Cassandre : Vous avez été instructeur national d’Éducation populaire au ministère de la Jeunesse et des Sports avant de donner votre démission, de changer de ministère et d’aller continuer votre travail en dirigeant une maison de la culture. Comment percevez-vous, avec le recul, cette séparation entre culture et Éducation populaire, vous que le mot « éducation » agace ?

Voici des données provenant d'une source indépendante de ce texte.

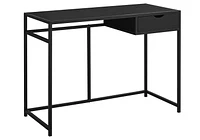 Monarch Specialties Computer Desk, Home Office, Laptop, Storage Drawer, 42"l, Work, Metal, Laminate, Black, Contemporary, Modern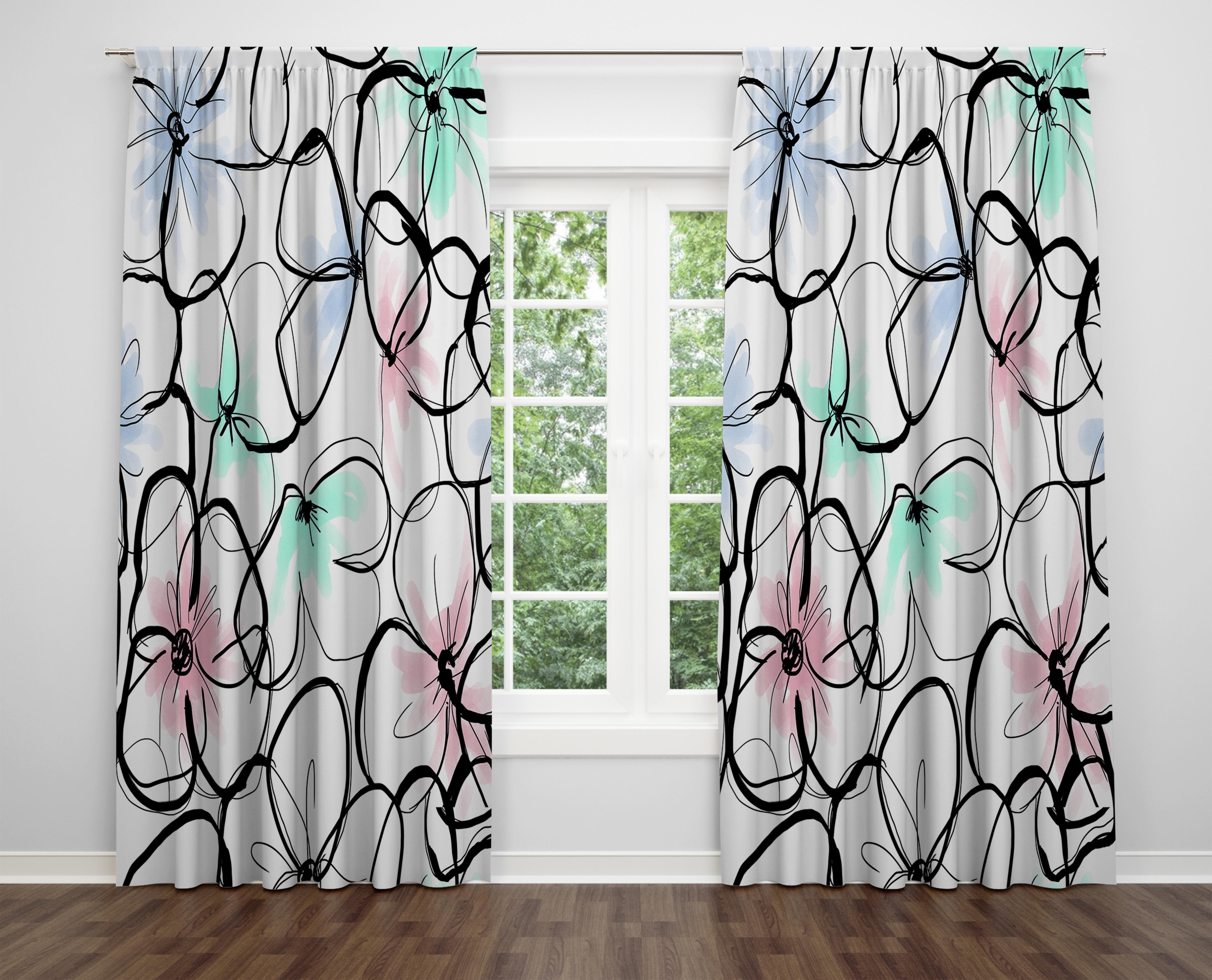 

Декоративний дизайн, високоякісна бавовняна тканина, ви можете вибрати одну або подвійну фіранку з крила 1 piece різнокольоровий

Gabriel Monnet : Ah ! Oui ! pour moi education et théâtre, cela fait mauvais ménage. Le mot éducation dans son acception courante, la formation d’un individu aux normes d’une société, aux connaissances, aux savoirs du monde dans lequel il est, se marie mal à une discipline qui est une perpétuelle remise en question.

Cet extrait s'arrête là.